Slovenia has inspired a variety of projects in Shirlie over the years, from her ‘Vanishing Lake’ cd to the ‘Simply Slovenia’ book with Slovene photographer Bogdan Kladnik which has a cd of her Slovene songs, including the lively ‘Green Dragon’ Ljubljana tribute (brilliantly translated into Slovene as Zeleni Zmaj by Andrej Rozman Rosa). Her latest creative venture is a proposed concert of her songs about Slovenia, arranged for symphony orchestra by UK arranger Derek Barnes to create the Simply Slovenia Suite which will be performed with orchestra Cantabile in August 2015
It is now more than twenty years since Shirlie first visited Slovenia, but her friends and joyful experiences in this beautiful country continue to multiply – as does the singing. RTV Slovenija even filmed a documentary on her: “Singing Heart – Ambassador of Light/Pojoce Srce – Ambasadorka Luci” which you can watch online at http://tvslo.si/#ava2.59728538
From a concert in Sneznik Forest to assist Janez Kandare and friends in the fight to save the ancient beeches of Sneznik, to one at Bled alongside Slovene singing star Aleksander Mezek and colleagues to help save the Sava Dolinka river, to another to help raise money to rebuild the Alpine Village of Log pod Mangrtom after a mudslide, to closing the Unicef Show at the Cankarjev Dom with her children’s song ‘Kako Lepo’, you’ll always find her there with guitar and open heart, celebrating the joy and beauty of this wonderful country and people.
“When I am near you, it feels like the spring to me
When I am near you, the mountain tops sing to me
When I am near you, I am never alone…Slovenia…”
Shirlie is also a Trustee of the British Slovene Society in London (www.britishslovenesociety.org), and well-known in the Republic of Slovenia for the healing power of her voice, her uplifting concerts, the positive appeal of her music and lyrics, her sound workshops, and also her vision to work alongside and help preserve nature and the environment.

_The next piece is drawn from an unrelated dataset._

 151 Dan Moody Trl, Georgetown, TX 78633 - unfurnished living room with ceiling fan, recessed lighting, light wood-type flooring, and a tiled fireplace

“I suddenly heard a deeply moving, beautiful song about Liza Cernuta on the radio. Shirlie Roden was singing it. Liza Cernuta was an old lady from Log beneath Mangrt Mountain who was seen on television the day before the fatal landslide, vehemently asserting that she would not leave. During the night, the landslide swept her and her house down the valley towards the Soca River. An unrecognisable landscape of mud, branches and stones remained. Shirlie Roden sang so movingly about this tragedy – which was simultaneously an act of heroism, tenacity and rebellion – so deeply, softly and empathetically”. (Boris Jez, Sobotna Priloga, Delo Newspaper, Slovenia).